O queijo e o drama que se fala em voz alta

“Com a mão trêmula como quem comete um crime.” O crime trêmulo da fome. É assim que Josué de Castro descreve seu personagem retirante, Zé Luís que, deserto de comida e consciência, rouba queijo de coalho para matar aquela que o matava.

“Com a mão trêmula como quem comete um crime.” O crime trêmulo da fome. É assim que Josué de Castro descreve seu personagem retirante, Zé Luís que, deserto de comida e consciência, rouba queijo de coalho para matar aquela que o matava. Está escrito no livro Homens e Caranguejos. Wandevergue também tremia quando decidiu roubar queijo, não de coalho, mas do-reino. No vertiginoso raciocínio de um homem já embriagado de bebida e raiva, aqueles dois potes, que custavam juntos R$ 85, renderiam dinheiro suficiente para alimentar as sete crianças que os esperavam em casa. Wandevergue, assim como Zé Luís, foi pego em flagrante. E isso não está escrito em livro algum, mas registrado nos jornais, nas TVs, nas rádios.
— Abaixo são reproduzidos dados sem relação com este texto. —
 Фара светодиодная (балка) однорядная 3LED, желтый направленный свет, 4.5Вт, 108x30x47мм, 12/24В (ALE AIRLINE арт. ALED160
Há exatos 50 dias, Wandevergue foi notícia após roubar queijo em um supermercado no Recife para tentar vendê-lo e, assim, voltar para casa de mãos cheias, ainda que trêmulas. Terminou preso e, de seu relato de fome, daquela que poucos admitem falar em voz alta, ganhou compaixão e liberdade após seis dias de prisão. Hoje, Wandevergue ainda vive abastecido pela solidariedade de vizinhos que ajudam a alimentar a família com feijão, leite, bolachas e queijo. Mas os pressupostos embutidos na caridade incomodam o flanelinha.

“Eu vou endoidar senhora”, profetiza em um não raro instante de explosão. Wandevergue estoura para fora, em acessos de auto-afirmação, e estoura para dentro, deixando muitas vezes um concentrado silêncio tomar conta da conversa. Até seis meses atrás, o flanelinha, os filhos e a mulher grávida dormiam em papelões e um teto ora de chuva, ora de desconsolo. Nunca de estrelas.
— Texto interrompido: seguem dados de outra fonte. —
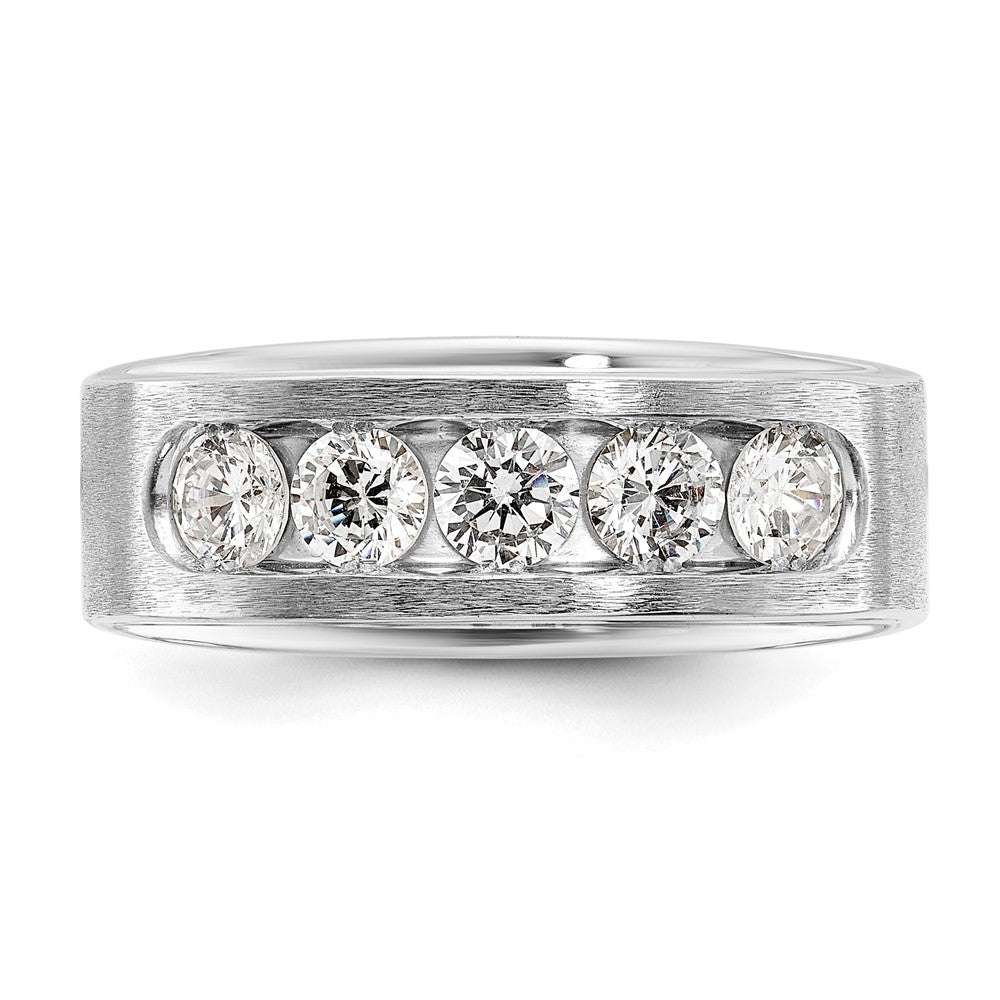 Ibgoodman 14K Weißgold 1 Karat Im Labor Gezüchtet Diamant Vs+ F+ Komplett Poliert und Gebürstet Five Stein Herren Ehering Ring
Em uma dessas noites, o carro da assistência social parou.
– Essa é sua família?
– É sim senhor.
– Qual o nome dos seus filhos?
– Fuba, leite, feijão, arroz, açúcar…
– E qual o seu nome?
– Eu sou ninguém.
– Você é louco?
– Eu não sou louco não, não tá vendo que todo mundo tem fome aqui?

Mas o assistente social foi embora. Parecia não entender de metonímias. E o morador da rua, sem jamais ter ouvido falar em figuras de linguagem, engoliu seco novamente.

Wandevergue Rosas Paiva, 41 anos, estudou apenas até a 4ª série do ensino fundamental, perdeu a mãe para a violência e do pai só lembra do carro Brasília com que ele viajou para São Paulo. Vive dos trocados que ganha como flanelinha, nunca teve carteira de trabalho e soma agora duas passagens pela prisão. A primeira aconteceu 92 por envolvimento com drogas. Sua companheira, Andréia Miguel dos Santos, 32, recebe uma Bolsa-Família de R$ 122 que, além de ajudar na feira, paga também as 10 parcelas de uma pequena TV onde a família pôde assistir, pelos jornais, à novela não romanceada de Wandevergue.

Para o futuro, o flanelinha fala da promessa de uma carroça que pode mudar sua vida. “Um senhor ofereceu essa carroça pra mim e se alguém trouxer ela pra cá, vou vender pastel, bolo, coxinha e espetinho. O que eu não conseguir vender, trago pros meus filhos.” O testemunho saliva de boas intenções e prova que, no Brasil, alimentar é, antes de tudo, saciar.